Task item: In the listing below, find the line holding "Blue Lake South" and the line holding "Knob - Image 5". Write out those two lines and all lines between, exactly, and nothing more.

Extracted data:
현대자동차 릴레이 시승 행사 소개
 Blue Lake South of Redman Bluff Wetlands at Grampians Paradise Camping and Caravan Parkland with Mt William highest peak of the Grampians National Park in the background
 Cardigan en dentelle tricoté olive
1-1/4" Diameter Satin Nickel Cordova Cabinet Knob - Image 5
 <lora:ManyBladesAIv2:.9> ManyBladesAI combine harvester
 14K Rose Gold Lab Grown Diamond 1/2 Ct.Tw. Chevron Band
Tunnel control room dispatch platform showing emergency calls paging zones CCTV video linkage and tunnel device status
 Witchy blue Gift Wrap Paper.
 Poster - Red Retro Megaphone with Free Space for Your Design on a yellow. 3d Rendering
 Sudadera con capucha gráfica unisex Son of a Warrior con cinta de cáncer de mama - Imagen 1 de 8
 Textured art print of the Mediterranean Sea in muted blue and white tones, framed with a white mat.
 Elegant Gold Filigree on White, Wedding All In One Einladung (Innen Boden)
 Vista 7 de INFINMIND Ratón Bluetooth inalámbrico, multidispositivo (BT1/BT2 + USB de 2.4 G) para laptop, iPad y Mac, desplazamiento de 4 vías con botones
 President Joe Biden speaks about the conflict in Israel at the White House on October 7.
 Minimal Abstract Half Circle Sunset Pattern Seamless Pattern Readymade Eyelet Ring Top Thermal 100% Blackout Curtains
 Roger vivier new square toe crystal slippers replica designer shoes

Answer section:
 Blue Lake South of Redman Bluff Wetlands at Grampians Paradise Camping and Caravan Parkland with Mt William highest peak of the Grampians National Park in the background
 Cardigan en dentelle tricoté olive
1-1/4" Diameter Satin Nickel Cordova Cabinet Knob - Image 5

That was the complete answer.